Many mornings whilst having my watermelon and home-made yoghurt comprising hippy breakfast on an outside table in the morning sun, small grains of perfectly black ash sink down upon me. Where do they come from? I look around, I see nothing. It could be carried by the wind from fires more than hundred kilometres away. However, there has been no day so far that I did not see a single fire from frightfully close by.
Minas Gerais is situated behind a vast mountain range seperating the coastel area of Bahia and Rio de Janeiro from the inland state. Rainclouds coming from the ocean get stuck behind this mountains, meaning that winters are dry, dry and dry. In my three months here, I have only seen it raining ones. And as there are no laws prohibiting people of burning their waste and equally no laws prohibiting people from being stupid, fires are abundant.

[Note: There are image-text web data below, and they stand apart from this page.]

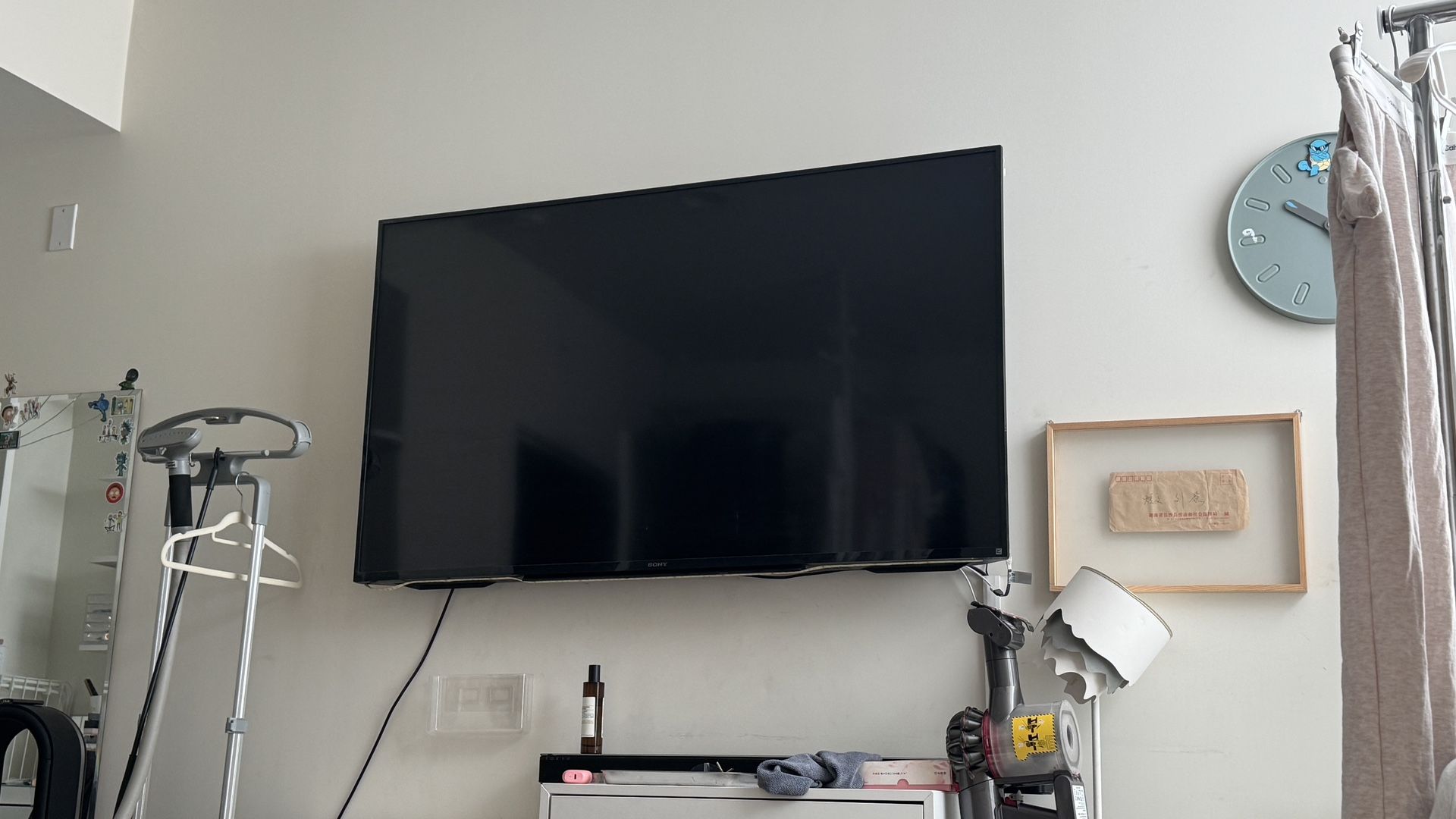 Sony TV 65 Inch +apple tv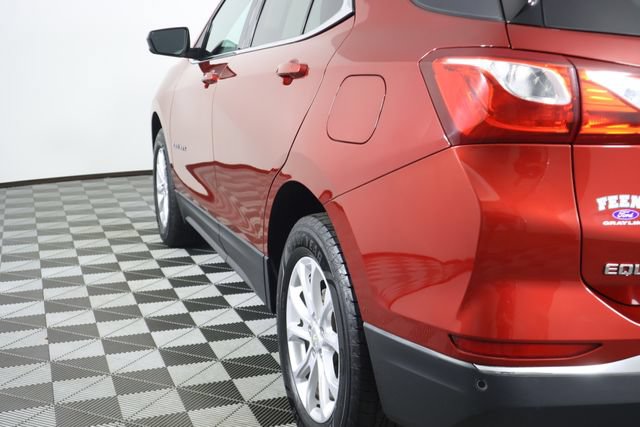 Used 2020 Chevrolet Equinox LT w/ Driver Convenience Package AWD/4WD image 23
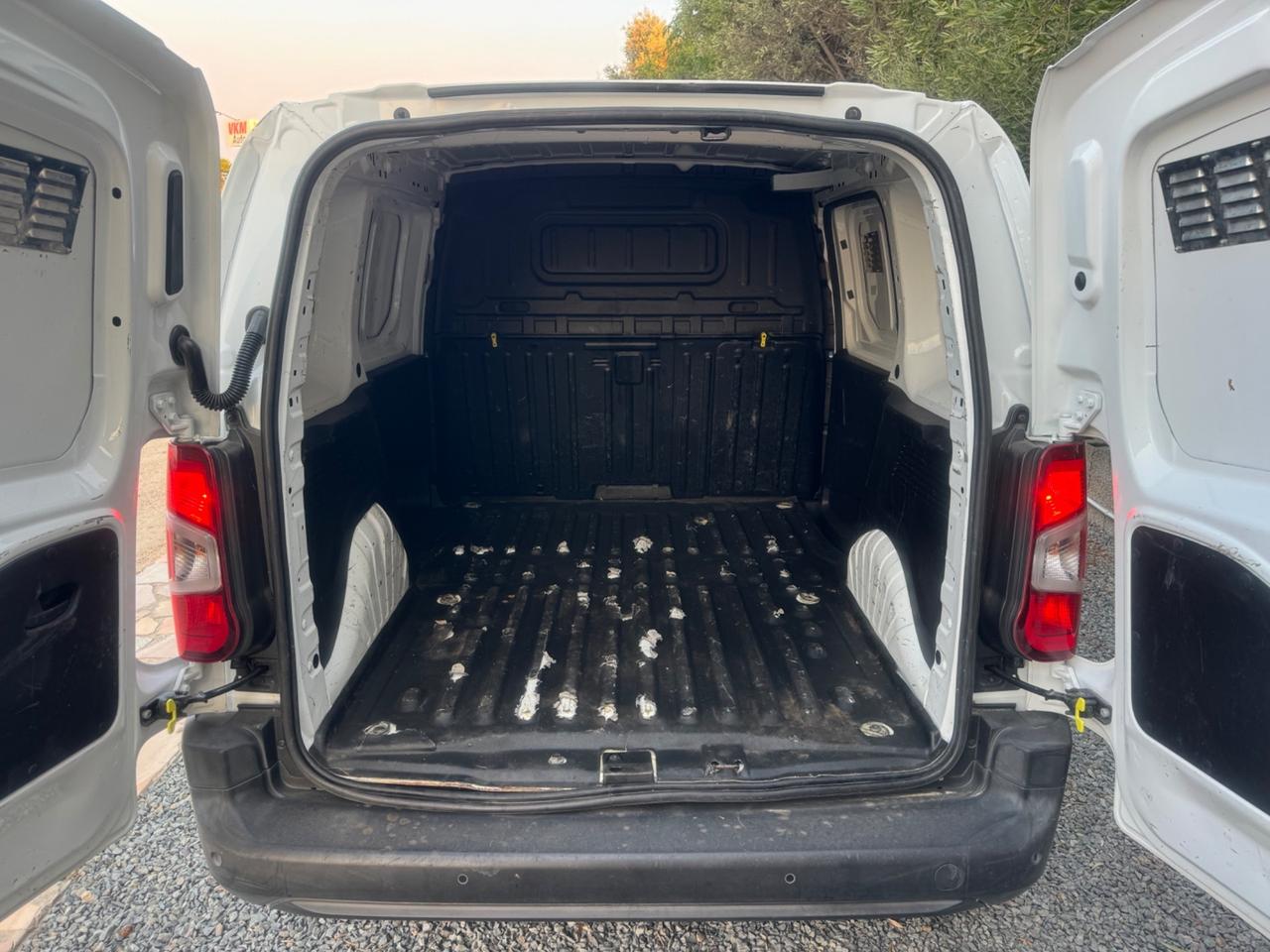 Opel Combo Cargo 1.6 Diesel 100CV S&S PC 650kg Edition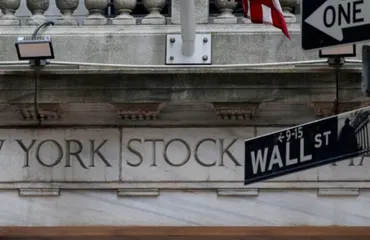 Wall Street cierra con pérdidas por alza del petróleo y salto de los rendimientos del Tesoro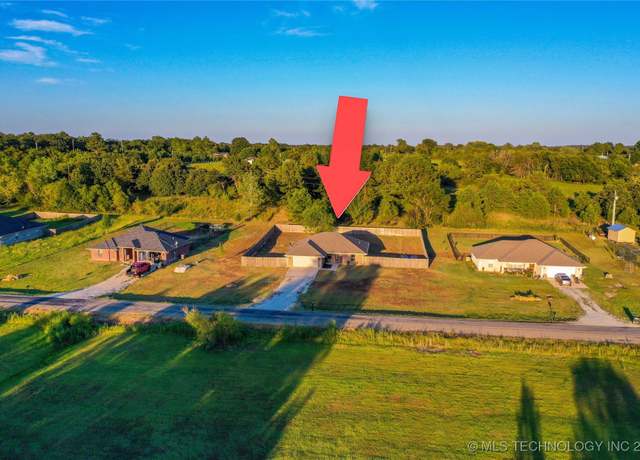 Property at 14160 County Road 3613, Ada, OK 74820, 3 beds, 2 baths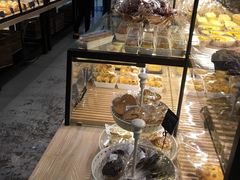 面包甜点陈列柜-拉那巴米 蛋糕定制(世纪东方广场店)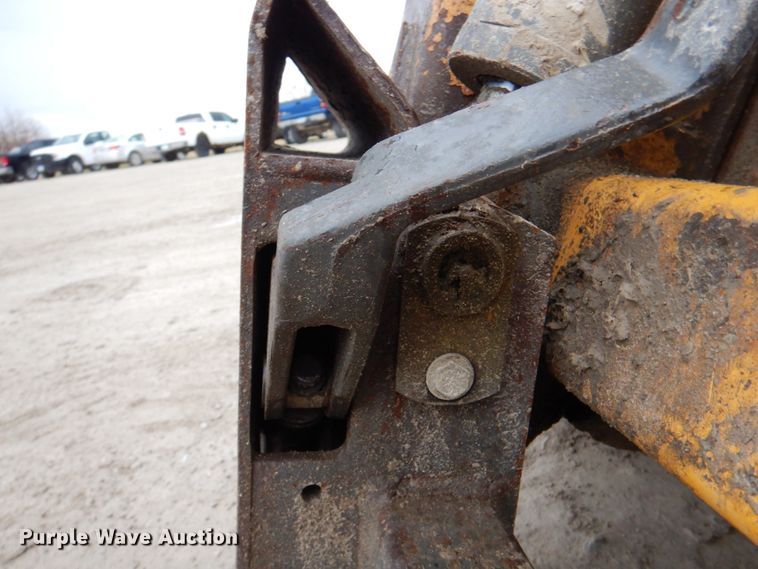 image for item II9807 1997 John Deere 8875  skid steer loader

It was only the other night, that after a party, in a forest on a hill that shapes our view, a small fire was started. I completely understand why they did it. I mean there is nothing funnier than, after a cachaça drenched, Shakaria filled night, setting your own house on fire! Not much later the entire slope was covered deep orange, making a light so bright it faded stars and illuminated my bedroom. The sound was frightening, sounding like a train of firework explosions. It did not last long until the fire brigade arrived (actually I took quite very much very long) and the fire was completely (actually not at all) put out.
The threat of apocalyptic fires is ever present, but it doesn’t seem to worry a single Brazilian. Fires are made, regretted and put out (or not) every day and night. And it is hard to say if the reason is ignorance or the indifference that characterizes the Brazilian people.
Whilst clearing a garden of my father-in-law with his gardener, something needed to be done with the sheer amount of dead leaves we collected. Setting fire to it, was the answer the gardener had in mind. “It will be very dangerous making a fire here,” he said, however, “because these trees are too close.” He pointed at them. They were cork dry. Accidentally setting fire to them could easily mean that it would spread far beyond our control. But before I wanted to tell him, in a Portuguese he reluctantly understands to move the pile, the fire was already made. Nothing happened. But it is this attitude, I believe, that causes it all.
But I am still alive. Tanned, but not scorched. (Red actually. Like all gringos).